The trial court relied upon the defendant’s decision not to testify, stating that the court may draw an adverse inference to find the alleged acts occurred. The court concluded that “these horrific acts alleged by the plaintiff occurred.”
The Appellate Division held that reversal of the trial court opinion was necessary because it relied upon an adverse inference based on the defendant’s Fifth Amendment privilege not to testify, which is not appropriate. In fact, the Appellate Division makes clear, “despite the remedial nature of the PVDA, and the statute’s language insulating a defendant’s testimony from use in criminal proceeding relating to the same act, a defendant’s election to not testify cannot give rise to an adverse inference in an FRO hearing.”

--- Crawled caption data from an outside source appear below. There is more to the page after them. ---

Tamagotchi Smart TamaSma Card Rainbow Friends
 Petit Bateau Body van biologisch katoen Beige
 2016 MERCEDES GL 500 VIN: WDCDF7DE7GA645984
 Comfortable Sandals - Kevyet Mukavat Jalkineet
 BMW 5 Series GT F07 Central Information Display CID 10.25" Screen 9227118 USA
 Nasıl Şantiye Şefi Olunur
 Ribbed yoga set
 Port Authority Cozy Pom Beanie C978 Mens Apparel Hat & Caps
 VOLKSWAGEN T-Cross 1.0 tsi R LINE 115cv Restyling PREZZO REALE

Whenever the Appellate Court seeks to publish a decision, it is noteworthy, and this is no exception. Practitioners and litigants handling domestic violence matters must be aware of and consider this decision when strategizing about how to present their case, regardless of whether they represent the victim or the defendant.
Diana N. Fredericks, Esq., devotes her practice solely to family law matters. She is a Certified Matrimonial Law Attorney and was named to the NJ Super Lawyers Rising Stars list in the practice of family law by Thomson Reuters from 2015 through 2021, to the NJ Super Lawyers list in 2023 and 2024, and to the New Leaders of the Bar list by the New Jersey Law Journal in 2015. Contact Ms. Fredericks for a consultation at 908-735-5161 or via email.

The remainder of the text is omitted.